#### SUPPLIED INFORMATION ####

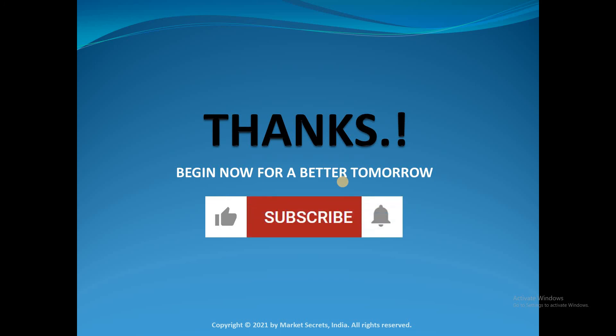Also, subscribe to our YouTube channel and click the bell icon to get notified whenever we upload a new video or conduct a live session. Thanks for watching. Have a great day. Goodbye.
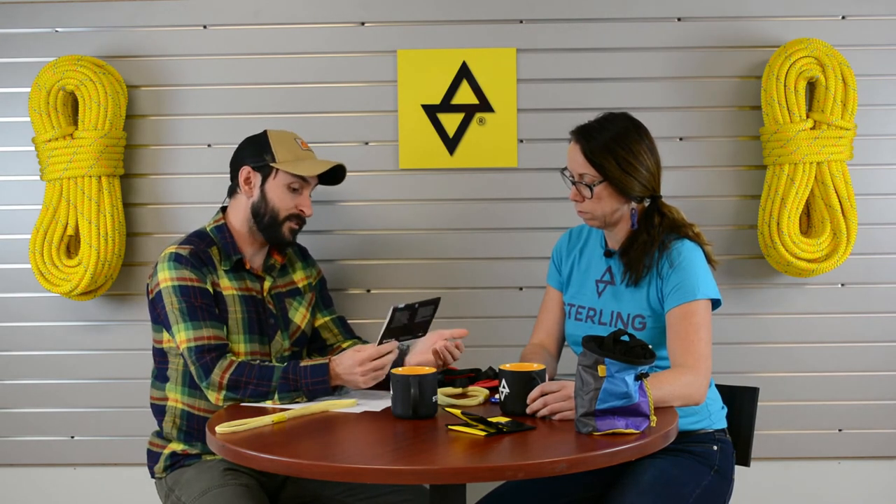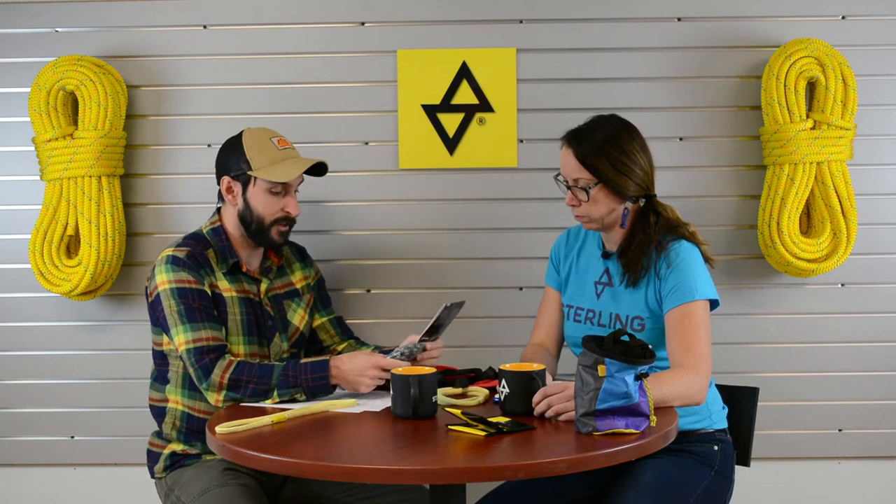Another great item every climber should have in their arsenal is a cordelette — a loop of cord used for creating anchors when leading. What I'd recommend is our 5.9mm power cord. It comes in a variety of lengths, but I'd suggest a 21-foot length, which you can double over to make a 10.5-foot loop — a pretty ideal length for setting up anchors. Having a Technora core in the power cord allows you to get a skinnier, lighter-weight product that's less cumbersome on your harness, while retaining the strength you're looking for.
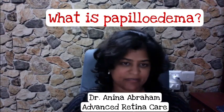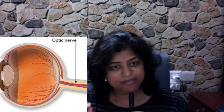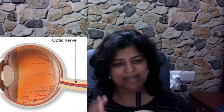What is papilledema? Papilledema is swelling in the optic nerve, and when you say papilledema, you mean it is happening in both eyes at the same time.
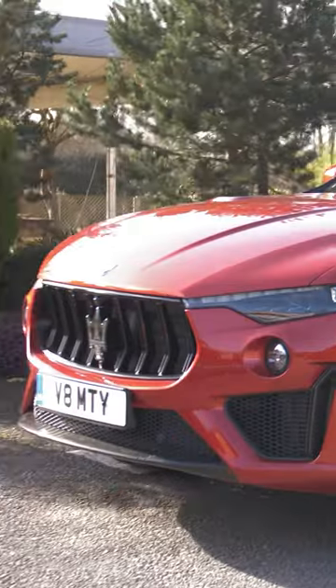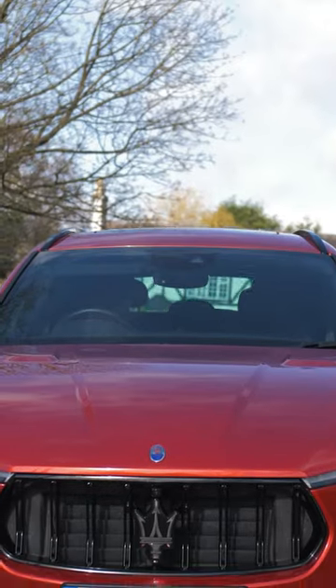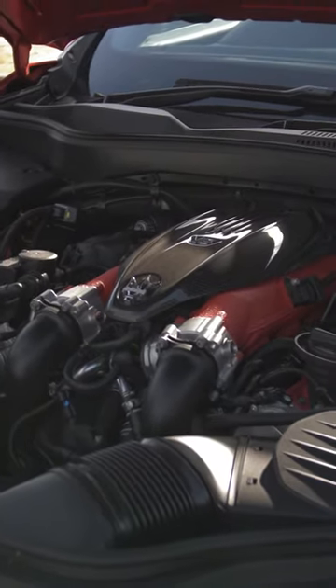Even though it is an SUV, it's a very aggressively compact SUV. So it has that real lovely aerodynamic line to it. And under the hood it's got that 3.8 litre V8 twin-turbo Ferrari-collaborated Maserati engine.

####

WHAT THE TASK REQUIRES - Exactly reproduce the lines beginning at the one that contains "What is papilledema?" and ending at the final line of the material, with the pictures left out.

ANSWER SECTION -
What is papilledema? Papilledema is swelling in the optic nerve, and when you say papilledema, you mean it is happening in both eyes at the same time.
Even though it is an SUV, it's a very aggressively compact SUV. So it has that real lovely aerodynamic line to it. And under the hood it's got that 3.8 litre V8 twin-turbo Ferrari-collaborated Maserati engine.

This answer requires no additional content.